Sunday, January 23, 2011

Runaway Mine Train

There are so many random thoughts in my head!  I bet you've got a few, too. The complete lyrics to Red Barchetta from Rush.  Your high school locker combination.  The complete name of your first bike, and what color it was. The beats per minute to every 80's hip hop/dance song. , (As a former spikemulleted nightclub DJ, I'm stuck with that one)  Your height and weight when you graduated high school.  The name of your elementary school principal.  The boy who threw up on the teacher in 4th grade.  Do we really need to retain all this randomness?  I'd like to make some room for more important things, and these thoughts are certainly getting in the way.

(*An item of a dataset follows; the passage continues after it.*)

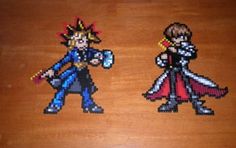 two cross stitched characters on a wooden table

Here's a random one, from my junior high days, from our school trip to the amusement park.  Me and a big group of my dork friends thought it would be super fun to ride one roller coaster as many times as we could in one afternoon.  It was a week day in the early spring, and the line for the ride was basically non-existent.

This is, to my best recollection, straight off the top of my head, the entire, complete, and correct schpeal for The Runaway Mine Train Ride.

"Welcome to the Runaway Mine Train. Please stand behind the yellow safety line and wait for the car to come to a complete and full stop. As you enter the car, please be seated and pull down on the orange safety bar to its' locked position.  Please keep your hands and feet inside the ride, and enjoy your day at Cedar Point.  Thank you for riding the Runaway Mine Train." (done complete with cheesey DJ voice, which I'm an expert at, please see first paragraph)

Okay, this may get lost in translation, but here's why I remember that stupid thing.  We rode this ride 12 times in under 2 hours.  No line.  Run through the turnstiles and back up the wooden stairs to the ride, elbowing each other out of the way for the front seat in the first car.  The funny part was, that at that time, they had high school aged kids who ran the rides, and the operator had to recite the stupid speech over a CB radio lookin' microphone.  This was before them high falootin' crazy automated computer controlled audio systems with them digital recordin' thingies. The sweaty depressed high school kid who's blowing his summer vacation by working at the amusement park has twenty giggling, sugar buzzed, retarded PARROTS who are reciting the whole thing RIGHT ALONG WITH HIM.  His mood dropped along with his shoulders as we, laughing hysterically, ran up the steps one more time.  He sighs as he picks up the mic, and realizes that YES we will be repeating every. word. he. says.  I think I saw him pick up a knife and glare at us, then down at his wrists.....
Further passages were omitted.